The Story of North Lawndale
Originally just called Lawndale, the North Lawndale community area was named by a real estate developer in the late 1800s. Its name was meant to evoke a suburban feel, distant from the noisy city. However, North Lawndale became a neighborhood busy with the flurry of nearby industry.
Manufacturers, such as McCormick Reaper Works and Sears, set up shop near North Lawndale in the late 19th century, attracting a European immigrant workforce, according to the Encyclopedia of Chicago. In the early 20th century, Russian Jews began to settle in the community, leaving the overcrowding of Maxwell Street on the Near West Side. North Lawndale was soon an epicenter of Jewish culture in Chicago, with synagogues and social organizations all around the neighborhood.
Watch: North Lawndale
By the 1960s, African Americans began moving into North Lawndale. White residents left for other neighborhoods and suburbs, and the community began to feel the effects of disinvestment. Racial tensions, poverty, and rising African American unemployment eventually led Dr. Martin Luther King, Jr. to choose North Lawndale as the base for the civil rights movement in the North. He moved into an apartment in the community in 1966 to bring attention to racist housing policies. The riots that followed his assassination left scars that can still be seen in the neighborhood today.

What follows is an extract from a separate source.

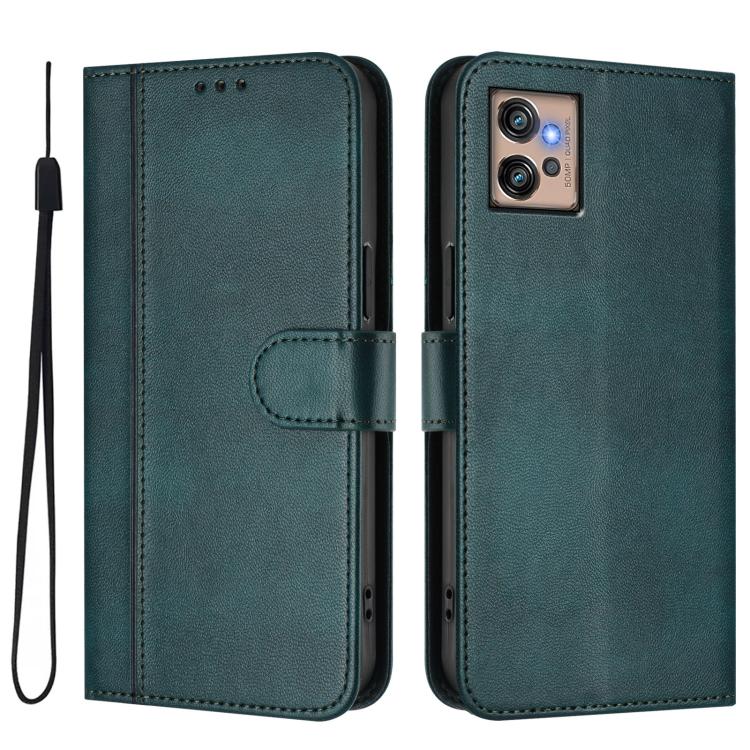 For Motorola Moto G32 Line Splicing Buckle Retro Leather Phone Case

The population has since declined as North Lawndale experiences the side effects of disinvestment like poverty and crime. But like many other Chicago neighborhoods in similar circumstances, the residents of North Lawndale are working to change that. Today, nonprofits such as My Block, My Hood, My City want to shift the perception of North Lawndale through community engagement, such as youth-led tours that highlight North Lawndale’s history and neighborhood pride.
The Pink Line makes stops at Kedzie, Central Park, Pulaski, and Kostner in North Lawndale.
Neighborhood Spotlight: Historic K-Town
In one part of North Lawndale and other west side neighborhoods, you’ll find that all the street signs start with the letter K. In Lawndale, this area, which is now on the National Register of Historic Places, is known as K-Town.
In the late 1800s, Chicago was planning to name all north-south streets with successive letters of the alphabet, separated into one-mile sections starting at the Indiana border. Residents in the first 10 miles resisted the plan, so the alphabet names started with the letter K – the 11th letter of the alphabet – 11 miles west of the state line. Today, old houses, some of which are identical greystones, line Karlov, Keeler, Kedvale, and more K-named streets.
Things to Do
My Block, My Hood, My City offers youth-led tours that showcase the hidden gems of the North Lawndale community.